In 2015, when the gun tax was proposed by anti-gun former Councilman Tim Burgess, he offered revenue forecasts ranging between $300,000 and $500,000 annually. Revenues were supposed to pay for anti-violence and outreach programs. But the gun control tax has never lived up to the projection, and it actually resulted in the loss of one of the city’s top firearms retailers, which relocated first to Lynnwood in neighboring Snohomish County and then to Woodinville, back in King County, taking its Seattle customers out of the city.
- In 2016, the first full year of collection, the tax ($25 for each firearm sale and 5 cents on each round of centerfire ammunition or 2 cents for each rimfire round sold) brought in $103,766.22. There were 19 total homicides in Seattle that year.
- The following year (2017), the tax brought in $93,220.74—a decline of more than $10,000—and the city logged 27 murders.
- In 2018, the tax brought in even less–$77,518—and Seattle police reported 32 homicides for the year.
- The next year (2019), the gun/ammo tax produced $85,352 in revenue and the city experienced 36 homicides, according to Seattle police data.
- In 2020, the year of national civil unrest spurred by the killing of George Floyd, a Black man, by Minneapolis police, gun and ammunition sales spiked dramatically across the country. This sales surge accounted for a jump to $184,836 in gun and ammunition tax revenue, but was accompanied by a staggering 52 murders.
- Finally, in 2021, things settled down a bit, gun and ammunition sales slowed and the city realized $165,416 in tax revenue, and murders declined to 40 for the year.
It should also be noted that in 2016, Seattle police logged 265 “shots fired” reports, resulting in 62 non-fatal shootings and 11 fatal shootings. By 2021, according to SPD data, there were 438 “shots fired” reports, resulting in 143 persons wounded and 31 killed by people misusing firearms.

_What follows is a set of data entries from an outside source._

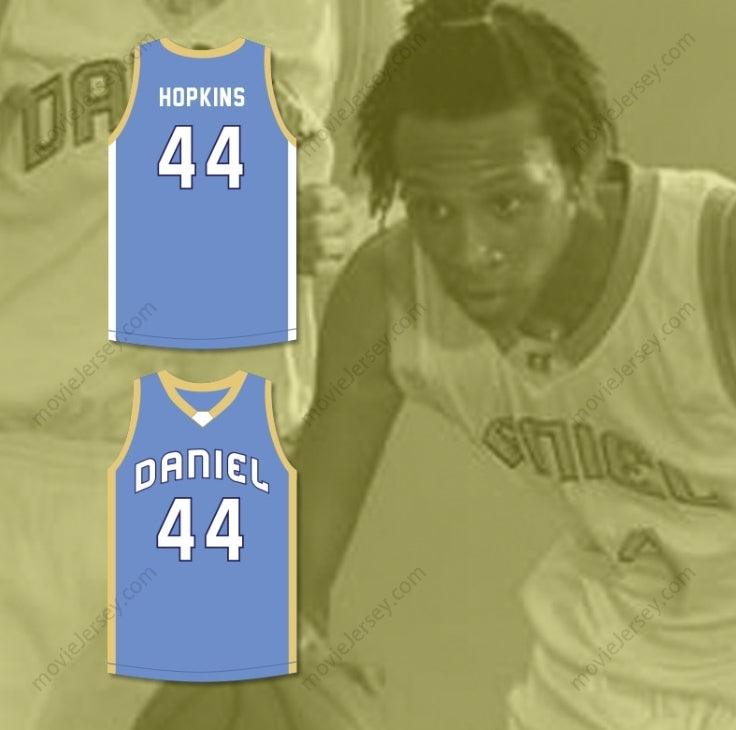 PERSONALIZADO Cualquier Nombre Número DEANDRE HOPKINS 44 D. W. DANIEL HIGH SCHOOL LIONS CAMISETA DE BALONCESTO AZUL CLARO Parte Superior Cosida S-6XL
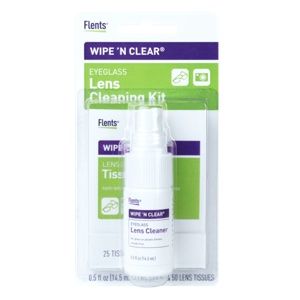 Flents Wipe 'n Clear Eyeglass Lens Cleaning Kit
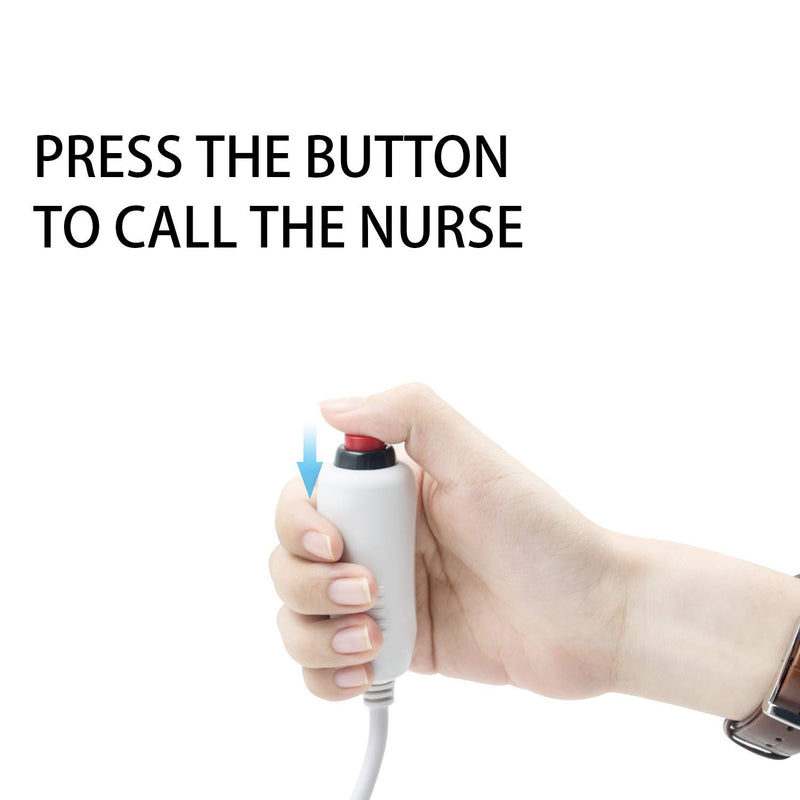 [Australia - AusPower] - Poyiccot Push Button Cord Cable for Nurse Station, Nurse Call Cord 6.35mm 1/4" Phone Plug Cable with Bed Sheet Clip for Nurse Station Universal Replacement Call Cord, 9.8feet/3m 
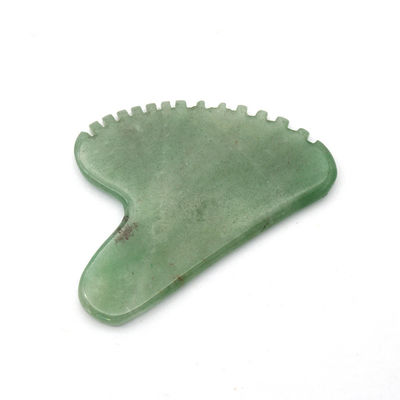 Herz-Form Grün Aventurin Guasha Massager 100% Natürlicher Jade Aventurin Gua Sha mit Privatetikett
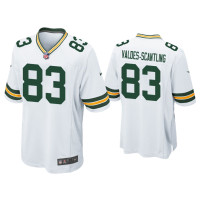 Men Green Bay Packers #83 Marquez Valdes-Scantling White Game Jersey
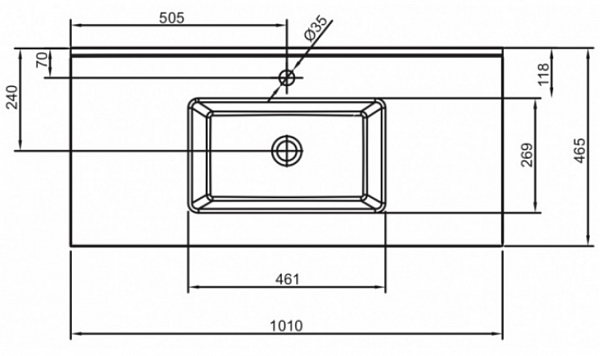 Раковина Jacob Delafon Ola 100,7х46 см EXUA112-00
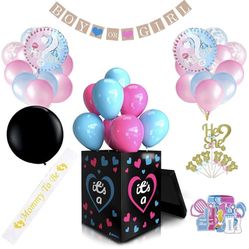 Gender Reveal Balloon Box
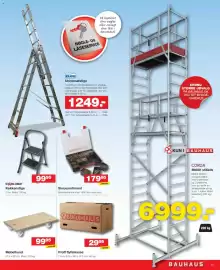 Bauhaus tilbudsavis uge 33 Side 17: Skruesortiment €179,95, Mobilt stillads €6.999,00
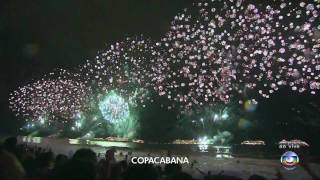 Queima de Fogos  Virada do Ano 2011  Globo HD 1080p [upl. by Carilyn]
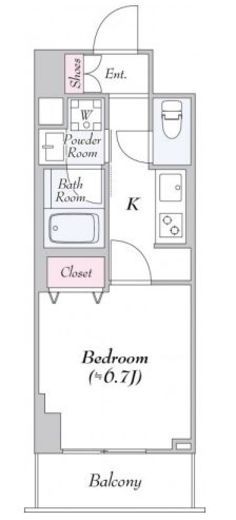 ロイジェント志村坂上　620号室　間取り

There is no small irony that Seattle is headquarters to the billionaire-backed “Alliance for Gun Responsibility,” a gun prohibition lobbying group that bankrolled the 2014 and 2108 anti-gun-rights initiatives and supported other statewide gun restrictions under the guise of “gun safety” or “gun reform,” which translates to gun control. From the outset, gun rights groups including the Citizens Committee for the Right to Keep and Bear Arms, headquartered in nearby Bellevue, accurately predicted all of these efforts would fail to achieve their advertised goals.
In a typical business environment, any project that consistently fails to achieve its goals or revenue forecast is usually scrapped. When it’s a gun control effort, however, proponents merely double down, contending they didn’t “go far enough” with restrictions.